Nuclear protein 1 (NUPR1) is a transcriptional coregulator that has been implicated in the development of various cancer types. In addition, de novo fatty acid synthesis plays a pivotal role in hepatocellular carcinoma (HCC) development. However, little is currently known on the role of NUPR1 in hepatocellular carcinoma. In this study, bioinformatics analysis was conducted to analyze the expression level, prognosis value and enriched pathways of NUPR1 in Liver Hepatocellular Carcinoma (LIHC). We found that NUPR1 was significantly upregulated in human hepatocellular carcinoma cells compared with normal hepatocytes from LIHC patients in TCGA cohorts and our patients. Kaplan–Meier analysis and COX proportional hazard progression model showed that high expression of NUPR1 was correlated with a poor prognosis of LIHC patients. CCK-8, EdU and colony formation assays were performed to explore the effect of NUPR1 on the proliferation of HCC cells, then wound healing and transwell migration assays were performed to evaluate the effects of NUPR1 on cell migration. Furthermore, subcutaneous xenograft models were established to study tumor growth. Results showed that NUPR1 overexpression correlated with a highly proliferative and aggressive phenotype. In addition, NUPR1 knockdown significantly inhibited hepatocellular carcinoma cell proliferation and migration in vitro and hindered tumorigenesis in vivo. Mechanistically, endogenous NUPR1 could interact with sterol regulatory element binding protein 1 (SREBP1) and upregulated lipogenic gene expression of fatty acid synthase (FASN), resulting in the accumulation of lipid content. Moreover, pharmacological or genetic blockade of the NUPR1-SREBP1/FASN pathway enhanced anticancer activity in vitro and in vivo. Overall, we identified a novel function of NUPR1 in regulating hepatocellular carcinoma progression via modulation of SREBP1-mediated de novo lipogenesis. Targeting NUPR1-SREBP1/FASN pathway may be a therapeutic alternative for hepatocellular carcinoma.

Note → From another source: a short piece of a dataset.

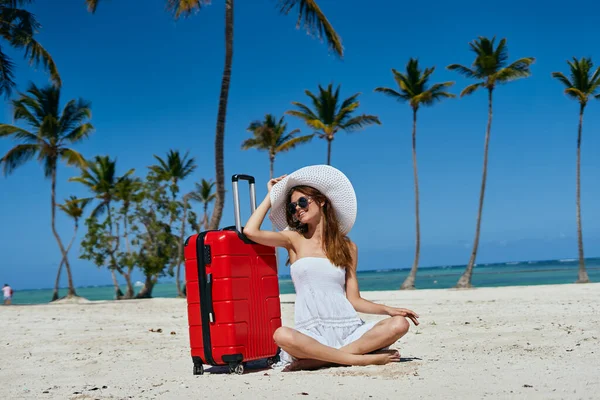 Joven Hermosa Mujer Con Maleta Playa Tropical —  Fotos de Stock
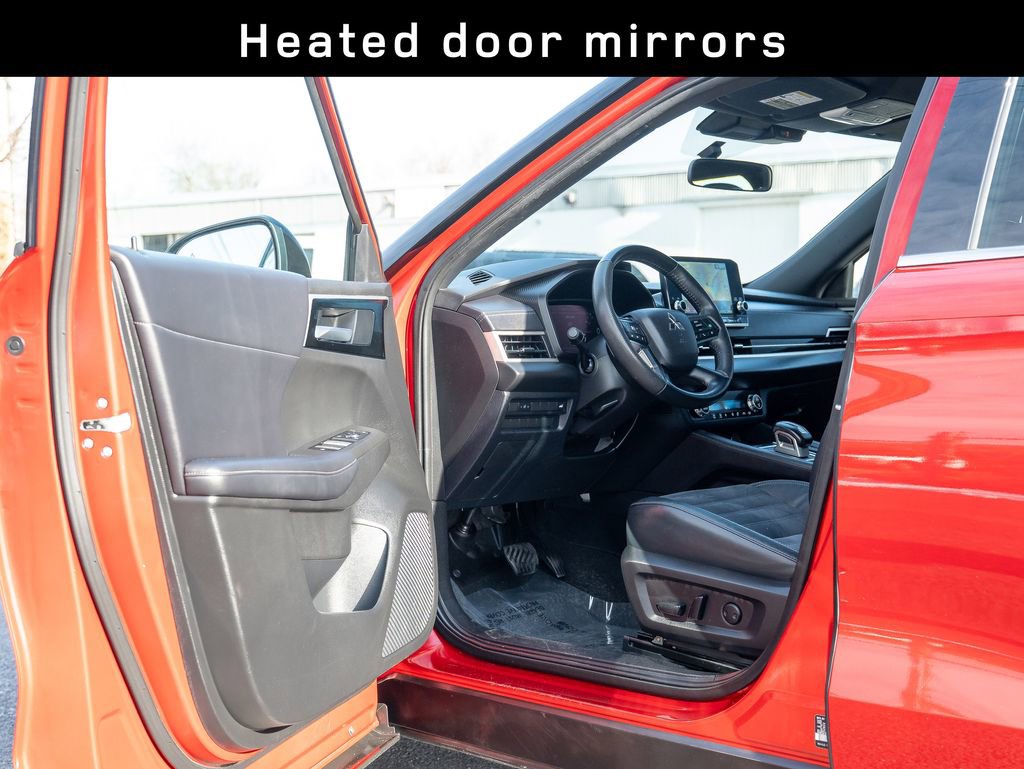 Used 2023 Mitsubishi Outlander SE Black Edition image 11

核蛋白 1 (NUPR1) 是一种转录共调节因子，与各种癌症类型的发展有关。此外，从头合成脂肪酸在肝细胞癌 (HCC) 的发展中起着关键作用。然而，目前对 NUPR1 在肝细胞癌中的作用知之甚少。本研究通过生物信息学分析分析NUPR1在肝细胞癌（LIHC）中的表达水平、预后价值及富集通路。我们发现，与来自 TCGA 队列和我们患者的 LIHC 患者的正常肝细胞相比，NUPR1 在人肝细胞癌细胞中显着上调。Kaplan-Meier 分析和 COX 比例风险进展模型显示，NUPR1 的高表达与 LIHC 患者的不良预后相关。CCK-8, 进行 EdU 和集落形成测定以探索 NUPR1 对 HCC 细胞增殖的影响，然后进行伤口愈合和跨孔迁移测定以评估 NUPR1 对细胞迁移的影响。此外，建立皮下异种移植模型以研究肿瘤生长。结果表明，NUPR1 过表达与高度增殖和侵袭性表型相关。此外，NUPR1 敲低在体外显着抑制肝细胞癌细胞增殖和迁移，并在体内阻碍肿瘤发生。从机制上讲，内源性 NUPR1 可以与甾醇调节元件结合蛋白 1 (SREBP1) 相互作用，并上调脂肪酸合酶 (FASN) 的脂肪生成基因表达，从而导致脂质含量的积累。而且，NUPR1-SREBP1/FASN 通路的药理学或遗传阻断增强了体外和体内的抗癌活性。总体而言，我们确定了 NUPR1 通过调节 SREBP1 介导的从头脂肪生成来调节肝细胞癌进展的新功能。靶向 NUPR1-SREBP1/FASN 通路可能是肝细胞癌的治疗选择。